Despite the amazing course and beautiful surroundings of Castle Pines it couldn’t draw top PGA professionals. But when the likes of Tiger Woods and others played the tournament during its existence from 1986 to 2006, fans could regularly see the sport’s elite drive long shots through the thin mountain air.
Before golf clubs were designed so all players could hit for distance, golfers could wallop long shots thanks to the high elevation at the Colorado tournament. Colorado, Nevada and Utah are special due to their elevation. The same shots golfers hit on courses across the Midwest, South and Eastern Seaboard will fly much higher and further in the driver’s paradise of the Mountain West.
How to hit on a golf course at elevation
The first thing to note when hitting on a course at higher elevation is determine the distance from the green. By knowing the distance, or gaining a good estimation of how near or far you are, you can select the correct club. Some golfers may use GPS or other golf apps to calculate distance; but these are forbidden in tournaments.
Experts stress that it is important to know the yardage to the pin without taking elevation into the equation. Following an assessment on distance and yards to the pin, it is important golfers study the layout of the green. This may sound simple, or even silly, but taking in the area enables a golfer to select the right club. After making an assessment, golfers can begin to decide on which club they will use. This is done by measuring elevation in clubs.

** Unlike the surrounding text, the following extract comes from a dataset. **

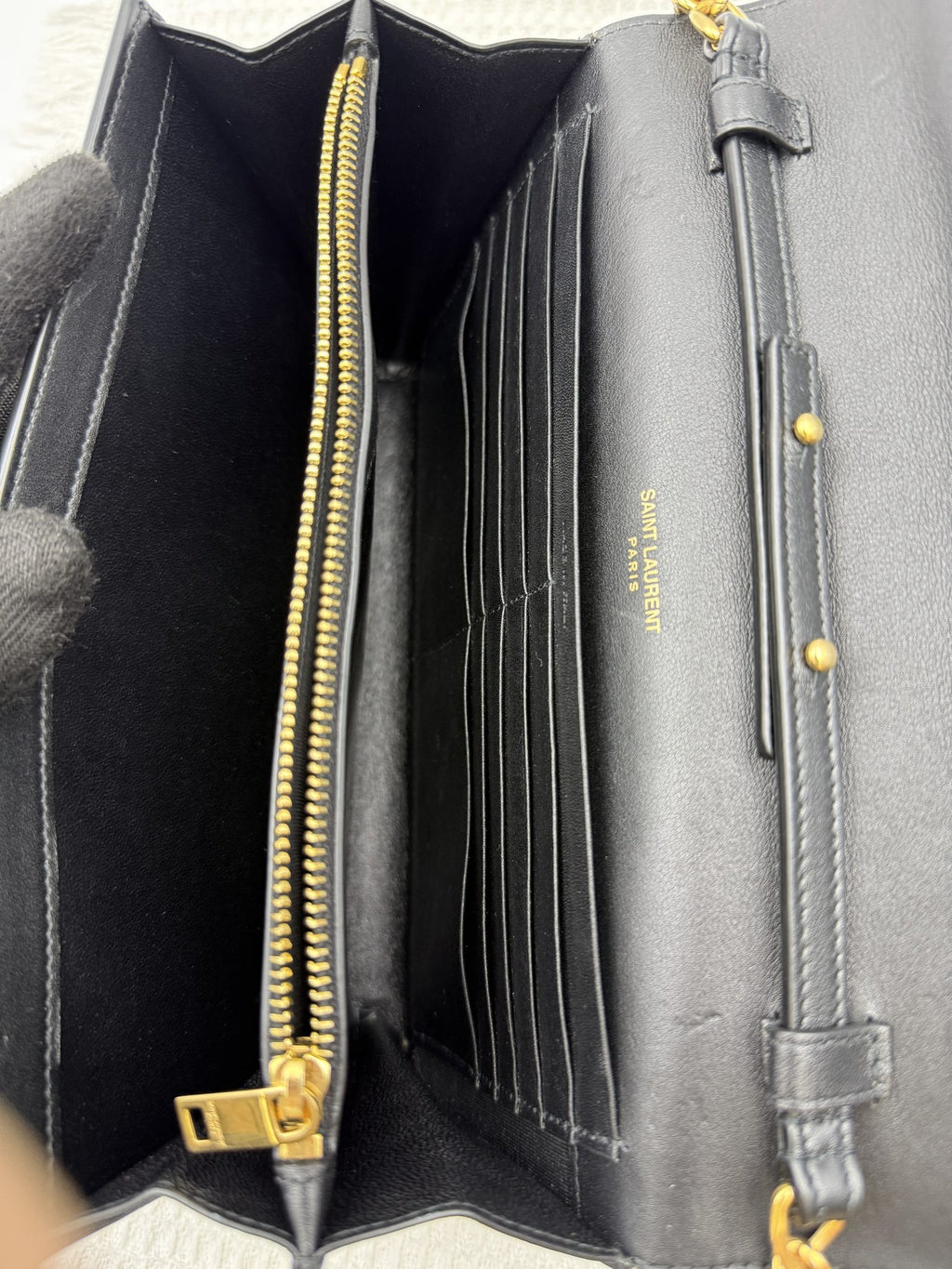 saint laurent kate black croc embossed leather stock no 0166032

A golf ball can travel up to 40 percent further when playing in elevated regions. No matter which club you select, it may be a good idea to take some of the power out of your swing. How far a golf ball travels is based on velocity, trajectory, swing and the elements. So, taking a little off that massive drive can help you adjust and prevent from over hitting the ball.
Hitting uphill and downhill
When playing courses in regions with elevation, there is a good chance you will be hitting the ball uphill and downhill. On courses in extreme locations, the method for hitting downhill is to subtract one club for every 10 feet of elevation change. Due to the lack of resistance compared to other locales, the ball will descend very quickly. When playing uphill, it is recommended to add one club for every 10 feet of elevation gained. The ball will still travel farther than on a course at normal elevation. However, it will reach the ground faster after cutting through the thin air.

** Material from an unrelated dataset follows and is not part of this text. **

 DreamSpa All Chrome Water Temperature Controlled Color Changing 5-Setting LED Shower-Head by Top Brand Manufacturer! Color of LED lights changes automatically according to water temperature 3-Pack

Golf pros recommend players going downhill to hit the ball so it has a low flight. While hitting it high and hard may seem like the thing to do, a lower trajectory downhill shot is a far safer strategy to get nearer the green.
When playing at elevation, aggression and rushing a shot is a golfer’s enemy. Due to the complexity of the elevation of the location or hitting up or downhill, it is better for golfers to relax and play it conservatively.

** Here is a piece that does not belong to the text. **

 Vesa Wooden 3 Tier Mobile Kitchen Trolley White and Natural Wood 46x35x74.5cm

According to Titleist, “the shorter the shot, the slower it moves through the air, and the less effect anything aerodynamic will have. So, on short approaches and greenside shots, you don’t have to adjust for elevation”.
Due to the effects of elevation and altitude on a golf ball, the club a golfer chooses must really be determined when on the course. The elevation as well as a player’s power all come into effect when hitting. Perhaps the best thing for a golfer to do is to practice their shots on a course at elevation. Practice will give you the opportunity to experience what it is like to add and subtract clubs due to elevation.